» **About this exercise**: Please take the records that follow and repeat exactly the lines starting with the line with "Apartamento com 2" and going on through the line with "LOUIS VUITTON Borsa".

» **Input for this task**:
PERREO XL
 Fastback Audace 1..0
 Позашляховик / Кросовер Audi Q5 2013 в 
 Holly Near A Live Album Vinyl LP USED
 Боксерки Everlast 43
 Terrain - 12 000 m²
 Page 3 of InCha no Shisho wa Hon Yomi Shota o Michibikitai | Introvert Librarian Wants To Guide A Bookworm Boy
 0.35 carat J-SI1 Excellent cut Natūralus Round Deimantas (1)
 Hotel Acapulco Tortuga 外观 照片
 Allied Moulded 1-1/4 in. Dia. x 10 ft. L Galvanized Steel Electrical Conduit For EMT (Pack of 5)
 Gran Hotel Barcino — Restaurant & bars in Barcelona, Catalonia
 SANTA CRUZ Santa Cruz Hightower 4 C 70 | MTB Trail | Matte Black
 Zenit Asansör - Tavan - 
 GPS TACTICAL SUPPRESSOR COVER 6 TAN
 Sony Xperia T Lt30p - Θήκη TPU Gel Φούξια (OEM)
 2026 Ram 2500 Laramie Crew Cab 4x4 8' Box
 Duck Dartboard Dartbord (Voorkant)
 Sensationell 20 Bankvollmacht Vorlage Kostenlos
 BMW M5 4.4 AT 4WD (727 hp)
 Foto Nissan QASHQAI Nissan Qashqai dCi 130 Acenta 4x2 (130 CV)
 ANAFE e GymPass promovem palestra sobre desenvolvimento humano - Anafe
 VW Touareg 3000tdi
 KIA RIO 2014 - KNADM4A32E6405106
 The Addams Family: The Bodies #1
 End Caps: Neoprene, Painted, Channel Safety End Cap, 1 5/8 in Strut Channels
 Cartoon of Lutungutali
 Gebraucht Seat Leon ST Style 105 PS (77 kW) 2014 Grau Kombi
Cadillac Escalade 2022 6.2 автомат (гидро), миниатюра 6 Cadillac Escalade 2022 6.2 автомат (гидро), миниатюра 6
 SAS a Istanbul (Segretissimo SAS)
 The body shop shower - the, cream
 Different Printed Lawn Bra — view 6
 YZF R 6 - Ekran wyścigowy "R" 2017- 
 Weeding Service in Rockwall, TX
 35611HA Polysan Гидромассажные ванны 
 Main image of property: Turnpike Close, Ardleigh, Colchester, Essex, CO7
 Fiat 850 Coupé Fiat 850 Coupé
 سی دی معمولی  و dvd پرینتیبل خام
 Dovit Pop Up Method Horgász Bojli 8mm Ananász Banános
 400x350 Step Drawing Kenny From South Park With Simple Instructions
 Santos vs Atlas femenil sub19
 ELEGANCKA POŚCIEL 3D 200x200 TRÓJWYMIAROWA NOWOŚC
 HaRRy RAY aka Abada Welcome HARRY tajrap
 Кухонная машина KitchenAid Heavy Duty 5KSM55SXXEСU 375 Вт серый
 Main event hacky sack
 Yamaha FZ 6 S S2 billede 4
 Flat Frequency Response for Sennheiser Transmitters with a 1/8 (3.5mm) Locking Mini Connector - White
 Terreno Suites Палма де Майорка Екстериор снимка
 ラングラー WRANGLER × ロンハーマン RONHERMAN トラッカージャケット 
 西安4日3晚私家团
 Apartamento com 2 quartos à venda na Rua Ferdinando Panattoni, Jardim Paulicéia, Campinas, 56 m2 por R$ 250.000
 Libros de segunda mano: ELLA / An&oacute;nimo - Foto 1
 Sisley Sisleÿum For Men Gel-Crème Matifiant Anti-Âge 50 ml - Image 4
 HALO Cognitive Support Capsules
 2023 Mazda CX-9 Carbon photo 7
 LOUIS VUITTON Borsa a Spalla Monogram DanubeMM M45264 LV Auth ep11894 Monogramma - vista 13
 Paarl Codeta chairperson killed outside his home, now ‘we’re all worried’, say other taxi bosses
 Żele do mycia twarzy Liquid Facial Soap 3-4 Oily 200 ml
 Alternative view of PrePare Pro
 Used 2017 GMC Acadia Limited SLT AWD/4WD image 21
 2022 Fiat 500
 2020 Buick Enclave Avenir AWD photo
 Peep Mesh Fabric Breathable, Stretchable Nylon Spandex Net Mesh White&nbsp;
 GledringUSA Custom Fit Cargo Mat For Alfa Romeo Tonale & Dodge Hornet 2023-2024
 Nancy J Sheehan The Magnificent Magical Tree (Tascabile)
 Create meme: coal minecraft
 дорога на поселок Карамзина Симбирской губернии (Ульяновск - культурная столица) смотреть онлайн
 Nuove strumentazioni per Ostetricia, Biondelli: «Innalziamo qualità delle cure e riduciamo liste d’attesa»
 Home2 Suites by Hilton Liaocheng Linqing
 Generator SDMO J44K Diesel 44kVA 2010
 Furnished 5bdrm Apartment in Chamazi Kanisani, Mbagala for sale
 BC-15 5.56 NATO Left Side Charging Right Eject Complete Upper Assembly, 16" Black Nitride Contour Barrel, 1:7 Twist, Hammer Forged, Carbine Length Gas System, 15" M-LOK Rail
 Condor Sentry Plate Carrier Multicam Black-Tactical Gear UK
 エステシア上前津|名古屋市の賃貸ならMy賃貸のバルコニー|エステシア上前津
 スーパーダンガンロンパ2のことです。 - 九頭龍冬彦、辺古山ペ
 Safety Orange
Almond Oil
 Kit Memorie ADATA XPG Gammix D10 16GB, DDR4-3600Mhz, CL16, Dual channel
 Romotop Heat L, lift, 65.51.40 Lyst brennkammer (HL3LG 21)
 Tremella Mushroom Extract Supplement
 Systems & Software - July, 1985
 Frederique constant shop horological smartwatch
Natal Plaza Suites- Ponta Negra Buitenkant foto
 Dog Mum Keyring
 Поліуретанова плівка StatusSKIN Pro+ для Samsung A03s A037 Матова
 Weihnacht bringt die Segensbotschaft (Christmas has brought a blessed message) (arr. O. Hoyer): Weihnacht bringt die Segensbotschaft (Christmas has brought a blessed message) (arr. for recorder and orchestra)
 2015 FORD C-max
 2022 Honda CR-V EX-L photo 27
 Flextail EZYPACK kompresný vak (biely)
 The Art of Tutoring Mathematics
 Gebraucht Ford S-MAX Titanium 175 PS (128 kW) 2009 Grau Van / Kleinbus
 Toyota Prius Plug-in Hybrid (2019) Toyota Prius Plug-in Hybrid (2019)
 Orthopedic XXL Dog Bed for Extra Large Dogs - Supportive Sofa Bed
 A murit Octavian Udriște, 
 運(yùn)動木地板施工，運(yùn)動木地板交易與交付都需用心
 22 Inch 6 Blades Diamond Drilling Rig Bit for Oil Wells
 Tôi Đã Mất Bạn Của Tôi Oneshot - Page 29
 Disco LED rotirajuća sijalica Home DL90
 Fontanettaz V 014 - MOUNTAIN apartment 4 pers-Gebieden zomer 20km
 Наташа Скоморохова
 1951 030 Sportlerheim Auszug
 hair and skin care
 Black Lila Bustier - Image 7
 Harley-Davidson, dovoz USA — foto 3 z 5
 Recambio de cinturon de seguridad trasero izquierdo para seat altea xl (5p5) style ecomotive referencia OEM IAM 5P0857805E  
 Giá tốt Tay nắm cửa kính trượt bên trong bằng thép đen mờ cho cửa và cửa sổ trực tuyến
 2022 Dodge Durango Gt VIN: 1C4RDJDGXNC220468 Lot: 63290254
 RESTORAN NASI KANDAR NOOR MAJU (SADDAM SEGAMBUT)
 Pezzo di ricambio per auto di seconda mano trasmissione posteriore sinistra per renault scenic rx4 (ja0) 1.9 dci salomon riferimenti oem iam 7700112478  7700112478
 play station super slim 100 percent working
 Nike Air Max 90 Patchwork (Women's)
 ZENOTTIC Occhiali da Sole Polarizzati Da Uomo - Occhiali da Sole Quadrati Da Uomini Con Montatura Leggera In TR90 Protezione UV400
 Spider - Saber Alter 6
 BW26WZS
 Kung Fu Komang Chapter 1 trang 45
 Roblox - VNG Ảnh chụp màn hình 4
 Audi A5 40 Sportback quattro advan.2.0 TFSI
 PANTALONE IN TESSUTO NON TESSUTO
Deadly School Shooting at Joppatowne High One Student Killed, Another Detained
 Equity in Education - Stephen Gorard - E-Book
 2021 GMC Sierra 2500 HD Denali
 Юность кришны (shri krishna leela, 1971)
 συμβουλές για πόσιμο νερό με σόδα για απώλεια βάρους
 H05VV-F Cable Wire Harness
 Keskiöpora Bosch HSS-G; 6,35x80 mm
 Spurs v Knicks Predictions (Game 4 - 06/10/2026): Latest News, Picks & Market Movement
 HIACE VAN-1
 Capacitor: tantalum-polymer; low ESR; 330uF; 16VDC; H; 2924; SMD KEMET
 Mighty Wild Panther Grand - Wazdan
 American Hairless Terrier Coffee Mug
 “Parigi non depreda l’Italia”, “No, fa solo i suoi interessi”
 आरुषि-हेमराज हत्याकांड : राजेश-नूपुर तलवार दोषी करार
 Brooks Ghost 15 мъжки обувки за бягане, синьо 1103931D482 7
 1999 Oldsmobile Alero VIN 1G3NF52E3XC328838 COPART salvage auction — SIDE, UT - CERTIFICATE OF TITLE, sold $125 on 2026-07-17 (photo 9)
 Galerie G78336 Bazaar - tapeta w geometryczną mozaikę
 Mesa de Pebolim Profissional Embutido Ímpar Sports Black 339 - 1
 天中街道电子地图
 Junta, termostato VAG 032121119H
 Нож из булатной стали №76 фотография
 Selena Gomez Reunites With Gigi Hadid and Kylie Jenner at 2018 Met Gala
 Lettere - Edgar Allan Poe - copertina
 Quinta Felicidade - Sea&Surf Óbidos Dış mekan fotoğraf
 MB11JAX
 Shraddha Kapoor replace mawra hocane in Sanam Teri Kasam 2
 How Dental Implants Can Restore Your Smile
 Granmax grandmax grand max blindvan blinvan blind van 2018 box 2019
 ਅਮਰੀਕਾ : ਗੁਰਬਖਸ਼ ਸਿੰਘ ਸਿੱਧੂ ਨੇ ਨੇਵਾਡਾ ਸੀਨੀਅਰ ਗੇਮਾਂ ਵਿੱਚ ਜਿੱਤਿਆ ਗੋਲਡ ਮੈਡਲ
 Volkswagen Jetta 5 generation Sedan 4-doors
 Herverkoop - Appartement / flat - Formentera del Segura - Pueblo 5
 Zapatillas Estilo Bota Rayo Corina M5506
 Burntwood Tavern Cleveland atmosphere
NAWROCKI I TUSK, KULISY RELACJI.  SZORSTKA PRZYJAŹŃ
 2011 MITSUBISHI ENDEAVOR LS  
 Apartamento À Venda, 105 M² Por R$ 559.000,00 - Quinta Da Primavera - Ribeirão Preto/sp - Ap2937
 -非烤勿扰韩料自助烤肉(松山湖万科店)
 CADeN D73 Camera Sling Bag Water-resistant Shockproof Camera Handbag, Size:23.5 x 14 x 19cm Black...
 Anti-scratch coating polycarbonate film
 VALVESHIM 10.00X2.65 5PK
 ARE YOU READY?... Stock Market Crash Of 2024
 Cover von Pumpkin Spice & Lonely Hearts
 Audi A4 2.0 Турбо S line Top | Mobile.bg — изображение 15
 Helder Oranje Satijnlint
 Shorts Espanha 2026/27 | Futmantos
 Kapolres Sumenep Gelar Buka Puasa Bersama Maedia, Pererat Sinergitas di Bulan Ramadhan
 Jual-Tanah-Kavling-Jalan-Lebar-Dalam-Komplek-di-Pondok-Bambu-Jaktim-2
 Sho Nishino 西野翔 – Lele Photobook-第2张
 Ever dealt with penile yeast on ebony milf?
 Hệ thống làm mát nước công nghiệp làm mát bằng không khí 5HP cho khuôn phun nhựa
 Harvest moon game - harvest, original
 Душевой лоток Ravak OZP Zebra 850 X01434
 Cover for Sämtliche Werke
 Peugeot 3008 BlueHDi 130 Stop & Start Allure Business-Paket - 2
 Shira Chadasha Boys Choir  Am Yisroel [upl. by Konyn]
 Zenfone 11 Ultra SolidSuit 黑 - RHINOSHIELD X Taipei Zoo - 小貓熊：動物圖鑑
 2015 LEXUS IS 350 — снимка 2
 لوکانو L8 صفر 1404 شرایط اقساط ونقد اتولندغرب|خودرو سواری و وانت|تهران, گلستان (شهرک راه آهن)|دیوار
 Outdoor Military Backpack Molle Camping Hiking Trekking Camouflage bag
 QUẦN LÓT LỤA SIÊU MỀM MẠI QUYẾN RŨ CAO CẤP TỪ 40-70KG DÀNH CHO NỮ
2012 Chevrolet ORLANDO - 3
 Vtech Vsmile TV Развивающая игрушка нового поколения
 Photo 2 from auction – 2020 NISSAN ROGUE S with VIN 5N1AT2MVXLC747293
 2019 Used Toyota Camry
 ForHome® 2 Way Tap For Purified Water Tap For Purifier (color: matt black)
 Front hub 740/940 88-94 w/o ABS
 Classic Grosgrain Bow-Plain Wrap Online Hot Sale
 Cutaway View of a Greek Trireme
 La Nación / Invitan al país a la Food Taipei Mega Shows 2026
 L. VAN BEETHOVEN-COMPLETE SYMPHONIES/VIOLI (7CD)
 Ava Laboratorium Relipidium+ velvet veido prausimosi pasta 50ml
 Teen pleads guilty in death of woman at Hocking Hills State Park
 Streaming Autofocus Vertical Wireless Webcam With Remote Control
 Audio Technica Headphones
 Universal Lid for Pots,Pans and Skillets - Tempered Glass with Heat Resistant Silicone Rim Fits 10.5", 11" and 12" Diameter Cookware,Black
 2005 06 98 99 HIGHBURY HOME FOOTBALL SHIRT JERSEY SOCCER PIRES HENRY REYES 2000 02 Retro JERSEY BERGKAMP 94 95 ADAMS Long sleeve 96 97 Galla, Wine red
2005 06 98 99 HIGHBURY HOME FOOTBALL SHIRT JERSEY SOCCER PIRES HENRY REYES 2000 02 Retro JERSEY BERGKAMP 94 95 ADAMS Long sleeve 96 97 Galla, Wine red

» **Solution for this problem**:
 Apartamento com 2 quartos à venda na Rua Ferdinando Panattoni, Jardim Paulicéia, Campinas, 56 m2 por R$ 250.000
 Libros de segunda mano: ELLA / An&oacute;nimo - Foto 1
 Sisley Sisleÿum For Men Gel-Crème Matifiant Anti-Âge 50 ml - Image 4
 HALO Cognitive Support Capsules
 2023 Mazda CX-9 Carbon photo 7
 LOUIS VUITTON Borsa a Spalla Monogram DanubeMM M45264 LV Auth ep11894 Monogramma - vista 13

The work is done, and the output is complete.